This article continues my quest to lead the education parade for my readers regarding taxes. Today's subject matter, a little-known strategy, goes to the head of the class not only as a star income tax saver, but also as an estate tax destroyer and a superior asset protection device.
Yes, there is a single strategy that does all three — private placement life insurance (PPLI). If you are fortunate enough to consider yourself an affluent individual, you'll love every word you are about to read.
Who falls into the affluent category? Well, the most recent IRS data available from 2007 shows the top 1% of taxpayers, earning $410,000 or more, paid a whopping 40.4% of all federal income taxes. This is astounding because those taxpayers made only 22.8% of the reported adjusted gross income for 2007.
In my book, this 1% really deserves a tax break now more than ever because the recently elected Washington geniuses are a sure bet to raise the income tax rates on upper-income earners.
What is PPLI?
PPLI is a form of variable universal life insurance that is offered privately rather than through a public offering. Variable life insurance has cash value that is dependent on the performance of one or more investment accounts in the policy. Since the insurance company cannot know the specific investment goals of each traditional policy purchaser, the carrier often settles for registering a set offering, including a selection of mutual funds or hedge funds as investment options within the policy. On the other hand, the carrier customizes the investment options to meet the needs of each PPLI owner/investor.

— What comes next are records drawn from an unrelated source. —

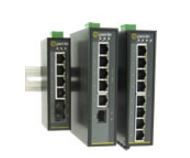 Perle Industrial Ethernet Switch 108F-DS2SC40XT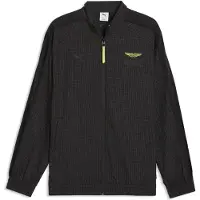 Puma x ASTON MARTIN ARAMCO F1 TEAM T7 Track Jacket Men, Clothing, Black, XXL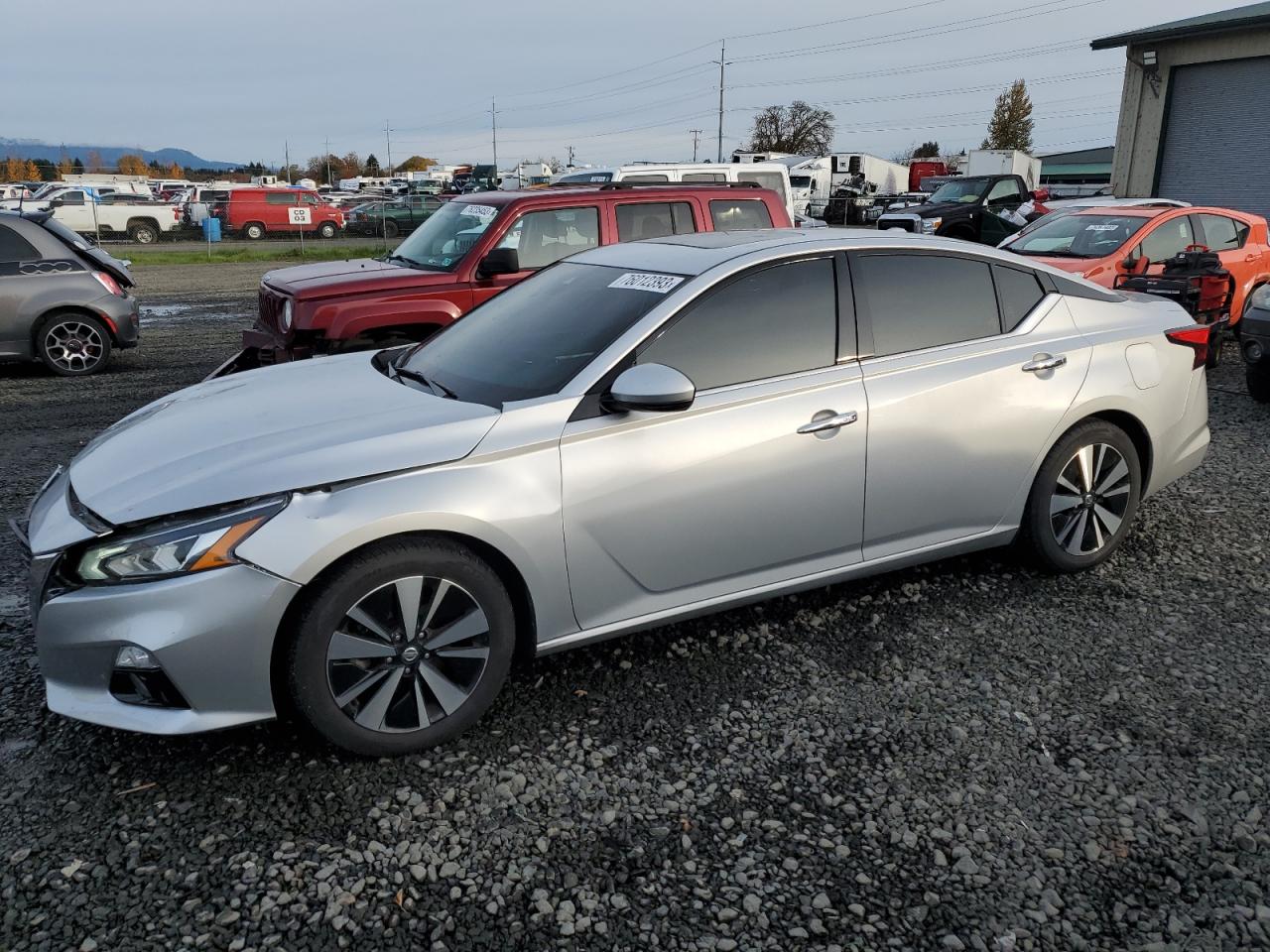 Obraz 1 z 2019 NISSAN ALTIMA SL 2019 z VIN 1N4BL4EV4KC233026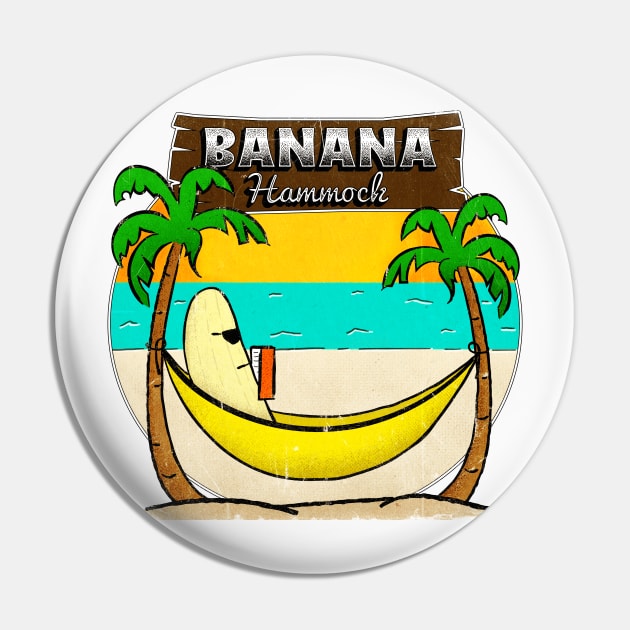 Banana Hammock Pin by ArtsofAll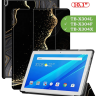 Чехол для Lenovo Tab 4 10 TB-X304L, TB-X304F, TB-X304X (10") (Черный мрамор)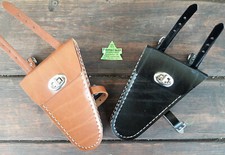 Rahmentasche Retro DDR Singlespeed Werkzeugtasche Leder Lederfaserstoff Lefa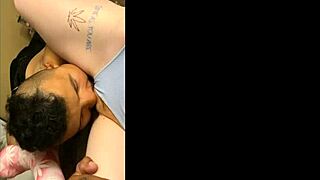 Redhead milf licks pussy through thong panties! 😋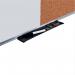 Bi-Office Maya Combination Board CorkDrywipe Surface 80x60cm XA1302170 BQ26979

The prime purpose of PPLI is to make your investment profits, whether capital gains, dividend income or interest income, tax free. Simply put, all policy investments are wrapped in a tax-free insurance envelope.
Just how significant are the wealth accumulation results of taxable vs. tax-free? An example is the easiest way to grasp the difference. The following example, created by Lewis Schiff, a lawyer in Austin, Texas, will astound you.

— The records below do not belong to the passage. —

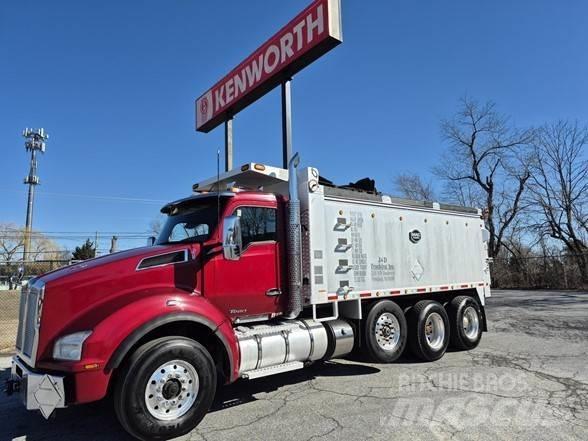 Kenworth T880 Damperli kamyonlar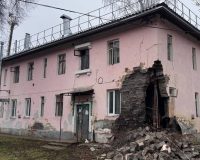 В Рыбном прокуратура начала проверку после обрушения стены жилого дома
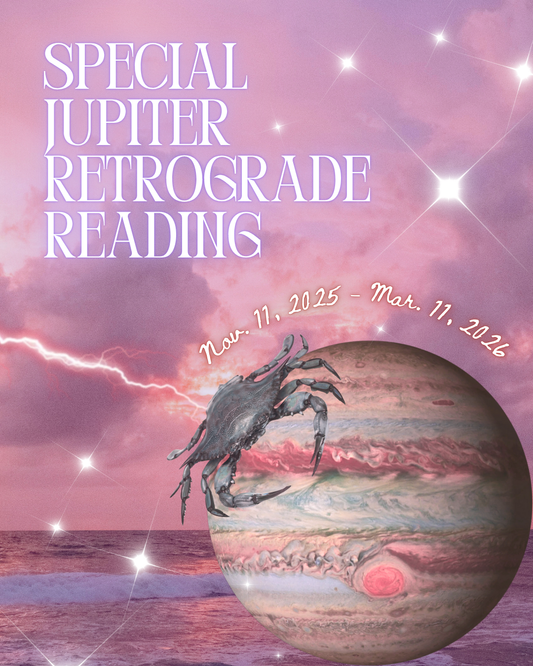 Special Jupiter Retrograde Reading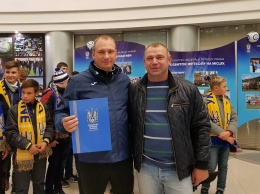 Президент Федерации футбола Павелко встретился с николаевскими футболистами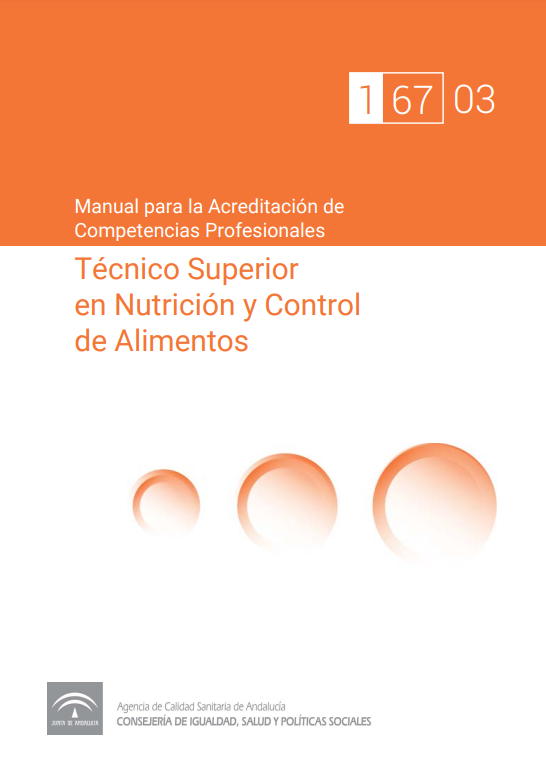 Técnico superior en nutrición y control de alimentos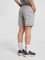 Hummel Go Bermuda szürke pamut női szabadidő rövidnadrág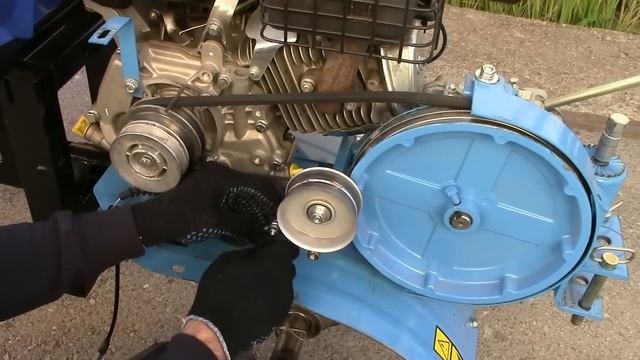 Стыковка адаптера КТЗ с мотоблоком. ЧАСТЬ 2. смотреть онлайн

Facts: A PPLI policy insurers a 45-year-old male, paying $2.5 million (a total of $12.5 million) in premiums for five years. The assumed rate of return is 10% (net of investment-management fees), taxed as ordinary income (at 40%, including federal and state taxes).
Results: Two huge advantages pop out: the death benefit is always king, and in the long-run, uses every opportunity available to get into an income tax free environment. Notice the huge higher amount in “cash value” after 20 years compared to “taxable investment.” Neither the cash value increases nor the “death benefit” is subject to income tax. Please note that PPLI premiums start from a low of $1 million (for example, $250,000 per year paid over four years) to a more typical $5 to $10 million or more (paid in the early years), or $5 million or more paid as a single premium at inception. Yes, $50 to $100 million polices can be arranged.
Now let's look at a three-step example, courtesy of Donald D. Cameron, chartered life underwriter and a long-time PPLI guru, using PPLI to create an effective private retirement plan.
Facts: A 50-year-old male, non-smoker, with cash value compounding at a 10% annual rate after investment management fees, pays a $1 million premium for a PPLI for five years (total premium of $5 million).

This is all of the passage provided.